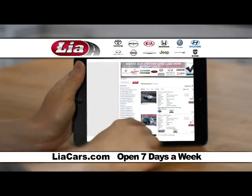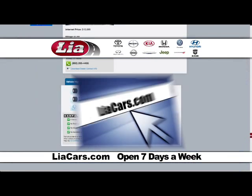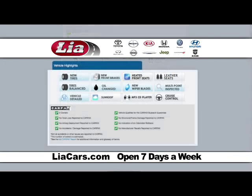Where can you shop thousands of quality pre-owned vehicles with proven value? LeahCars.com. You'll see every vehicle's options, equipment, service history, and more.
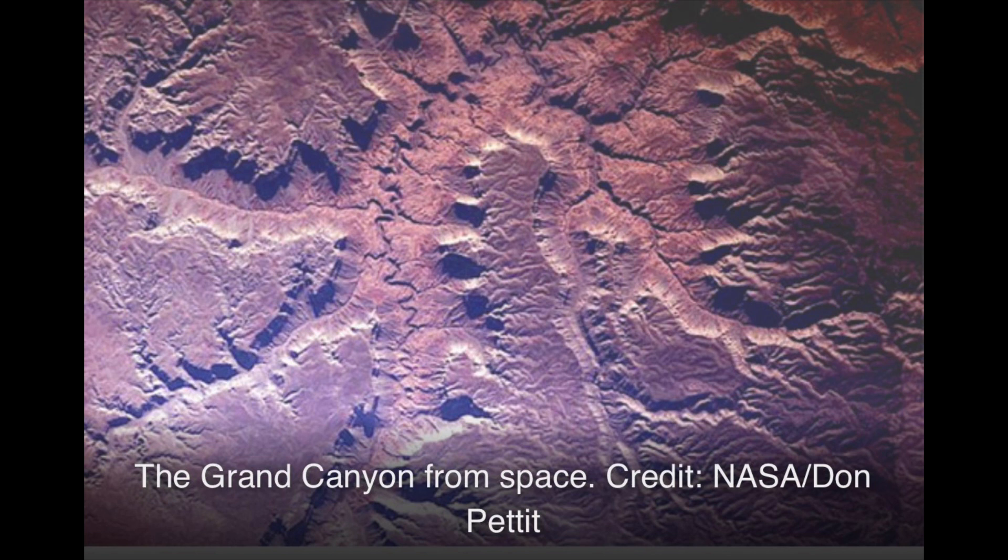Where is the material that used to fill the Grand Canyon? In previous Picture of the Day articles, it was suggested that features on other planets and moons should be used to help explain what is found on Earth, rather than vice versa. Since the processes that exist on Earth involve erosion by wind and water, formations on Mars, for example, are often attributed to open water flowing on the surface of that now desiccated body.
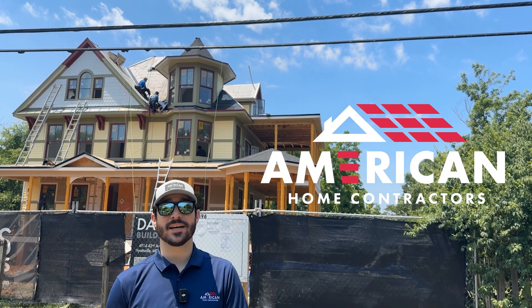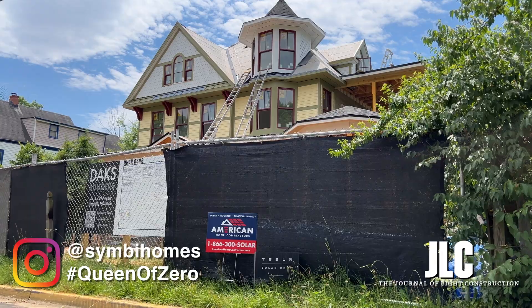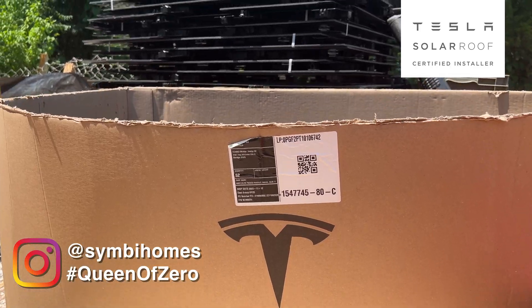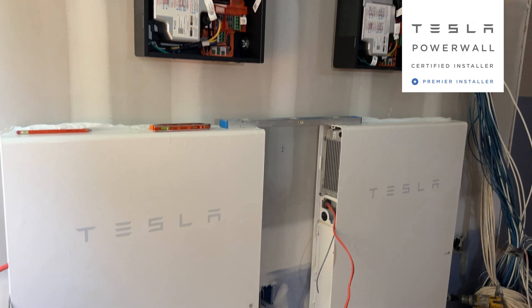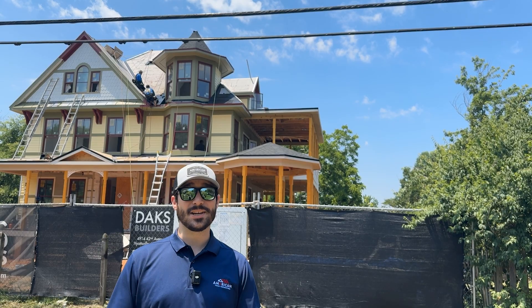Hey, it's Nick here with American Home Contractors and we are here at the Queen of Zero project. This is going to be a net zero ready home and we are of course installing the Tesla solar roof today. We have a Powerwall installed going on in the basement and Span is already in, so stay tuned for the final product.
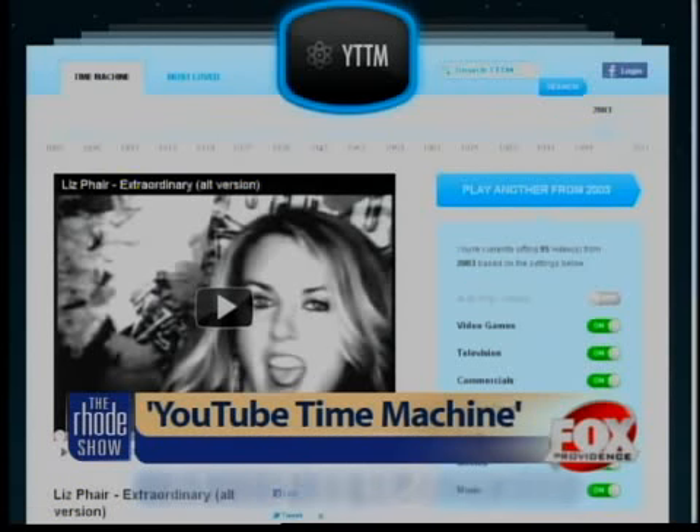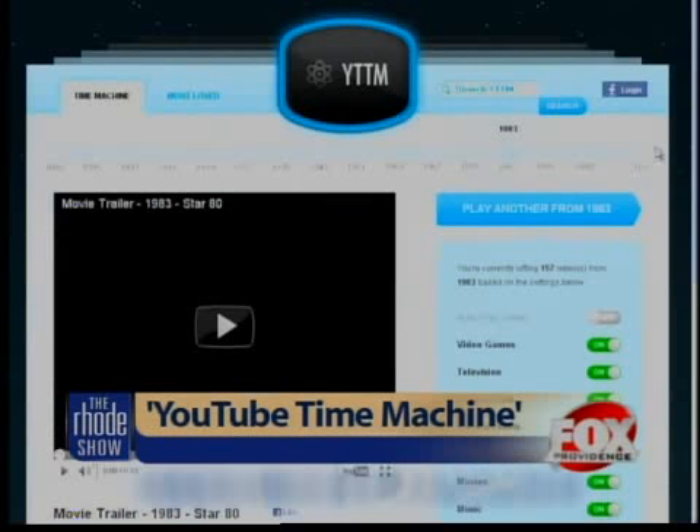The site is a video platform that serves up clips from the good old days. Here's how it works: you can simply click on a year in the timeline at the top of the page — let's head to 1983 — and the YouTube Time Machine plays a video from the year chosen at random.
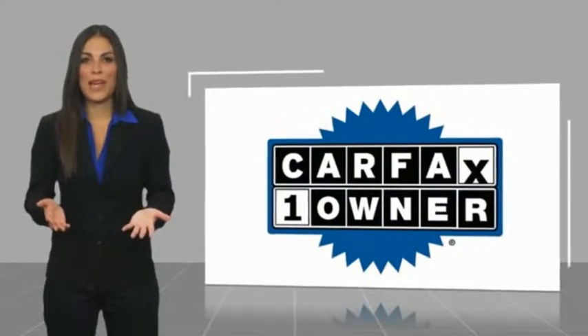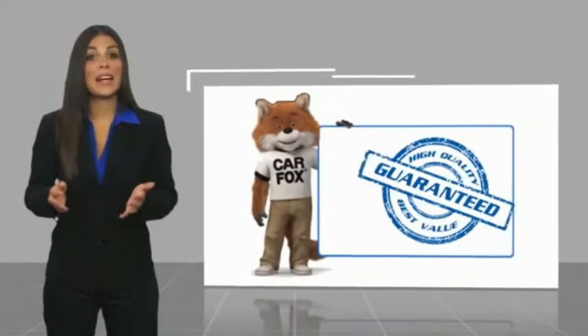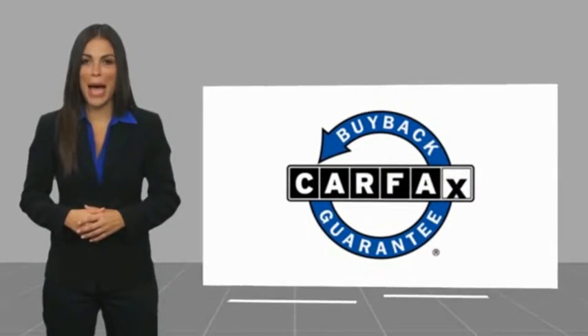This is a one-owner vehicle with a Carfax Vehicle History Report. Be sure to find a complimentary copy of this report online or contact the dealership. This vehicle qualifies for the Carfax Buy Back Guarantee.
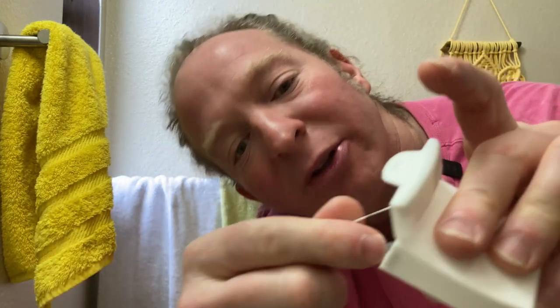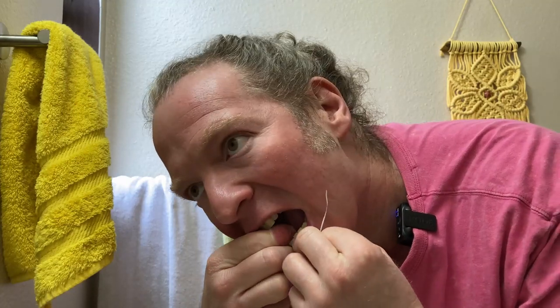When you pull it out, you can break it on the thing there. And then what you're supposed to do, you just... It's hard to get the back teeth. You really gotta get in there.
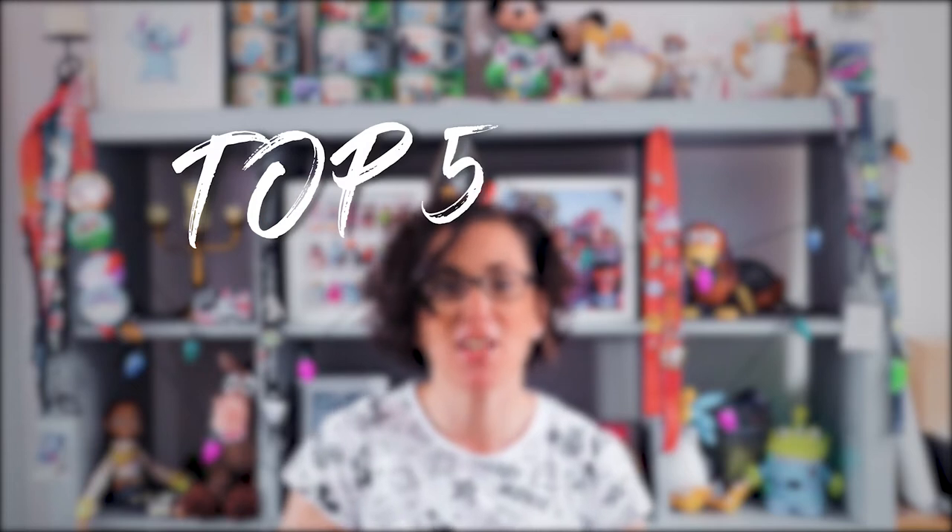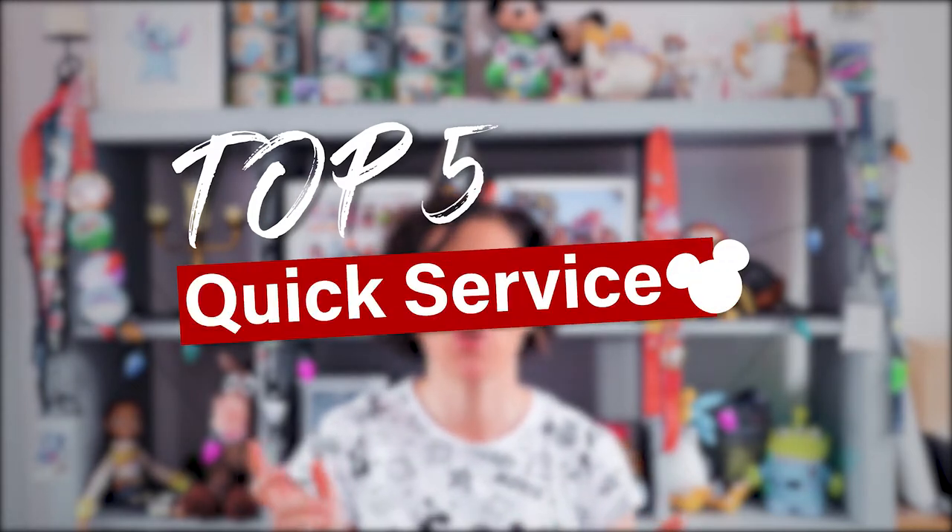Hi guys, it's Diane here from UK Disney Blog. Continuing with our top five series, today we're going to be doing our top five quick service locations, our top five quick service restaurants.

• • • •

Extract, without any images, the part of the material above that opens with the line containing "Hey, it's Nick" and closes with the line containing "When you pull", both lines included.

Response for this exercise -
Hey, it's Nick here with American Home Contractors and we are here at the Queen of Zero project. This is going to be a net zero ready home and we are of course installing the Tesla solar roof today. We have a Powerwall installed going on in the basement and Span is already in, so stay tuned for the final product.
The site is a video platform that serves up clips from the good old days. Here's how it works: you can simply click on a year in the timeline at the top of the page — let's head to 1983 — and the YouTube Time Machine plays a video from the year chosen at random.
This is a one-owner vehicle with a Carfax Vehicle History Report. Be sure to find a complimentary copy of this report online or contact the dealership. This vehicle qualifies for the Carfax Buy Back Guarantee.
When you pull it out, you can break it on the thing there. And then what you're supposed to do, you just... It's hard to get the back teeth. You really gotta get in there.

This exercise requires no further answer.